National Assembly Speaker Moses Wetang’ula must be wise on House posts

Moses Wetang'ula.

National Assembly Speaker Moses Wetang'ula.

Photo credit: File | Nation Media Group

National Assembly Speaker Moses Wetang’ula must exercise statesmanship in the manner of handling the standoff over the position of Majority Leader.

Mr Wetang’ula recently said in Mombasa that, as the Speaker, he is an impartial arbiter. Kenyans are waiting to see if he will live up to his word and give the right interpretation of the Constitution and the Standing Orders or be swayed by party politics.

The verdict will be a litmus test on Wetang’ula and showcase how he will be arbitrating delicate matters of national importance for the next five years.

He should, therefore, demonstrate patriotism and sanitise the selfish party politics in which MPs illegally hop from a political formation to another.

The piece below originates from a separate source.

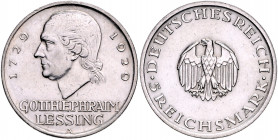 Weimarer Republik 5 Reichsmark 1929 A Zum 200. Geburtstag von Gotthold Ephraim Lessing J. 336. 
 ss-vz
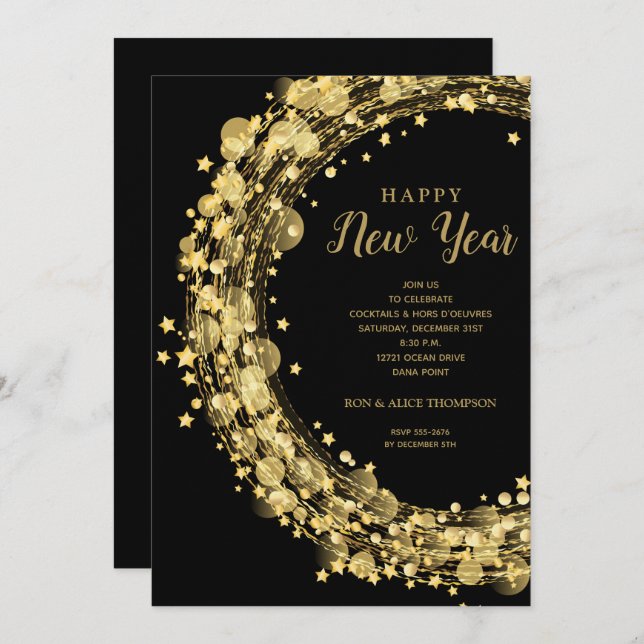 Chic New Year's Eve Party Invitation (Front/Back)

Besides the Presidency, the next most powerful position is, perhaps, that of the Leader of the Majority party in the National Assembly. Kenyans expect the Speaker to strike a balance between political interests. The post requires a holder who will champion bipartisan interests that put the country first.

Strong links

It will be prudent for Mr Wetang’ula to put Kenya Kwanza and Azimio interests aside and render a ruling that will give the National Assembly a person who will always be in touch with all MPs and easily build strong links.

During US President Barack Obama’s regime, House Majority Leader Steny Hoyer was instrumental in whipping support for ‘Obamacare’, first seen as a controversial and divisive healthcare bill but ended up beneficial.

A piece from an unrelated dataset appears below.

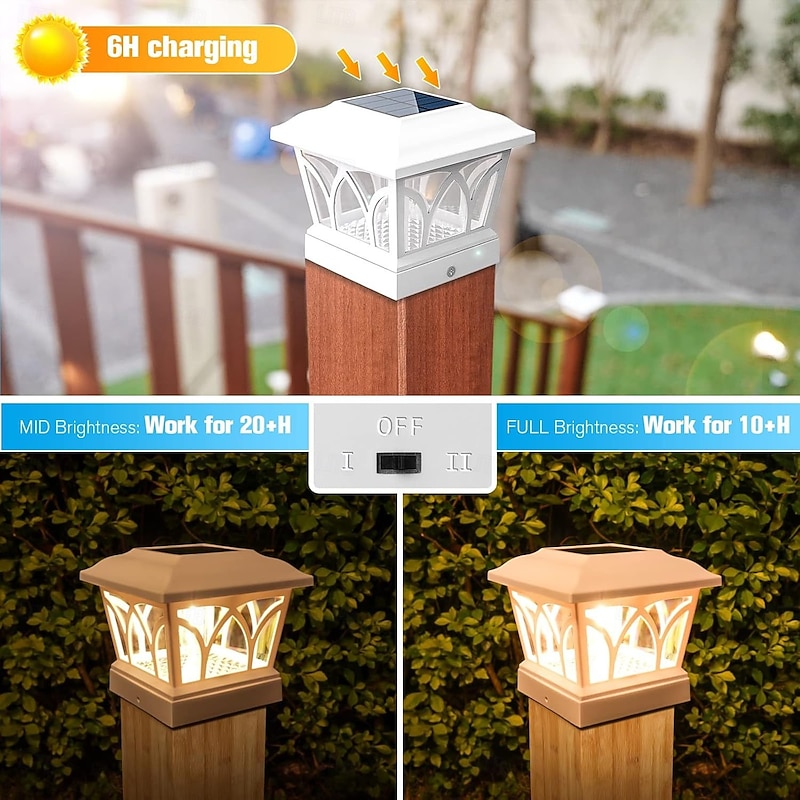 Solar Post Cap Lights Outdoor 4 Pack, Full & Mid 2 Lighting Brightness, Pearl White Fence Post Lights Solar Powered for Garden Fence Deck Mailbox4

Wetang’ula must, therefore, do the right thing without trying to appease either coalition. He must rise above partisan politics and give a determination that will define the country’s future.

Bearing in mind the fractious nature of our politics, Kenyans are waiting to see how Wetang’ula will navigate the interests of his Kenya Kwanza formation that have dominated the race for key parliamentary positions and stick to the law.

Th e 13th Parliament must get majority and minority leaders with charisma and power to command respect from lawmakers from across the political divide. That will even ease his job, freeing it from the unnecessary constant bickering that often divert the august House from its noble responsibility of articulating Kenyans concerns, such as the prevailing high cost of living.

This is an opportunity for Wetang’ula to build his legacy and chart the way forward on the leadership Kenyans can look up to. He must steer the legislative agenda for the benefit of all.

Despite having been elected by Orange Democratic Movement (ODM) lawmakers in the 11th Parliament, Speaker Kenneth Marende set a precedent by rising above party politics with Solomonic moments like this one.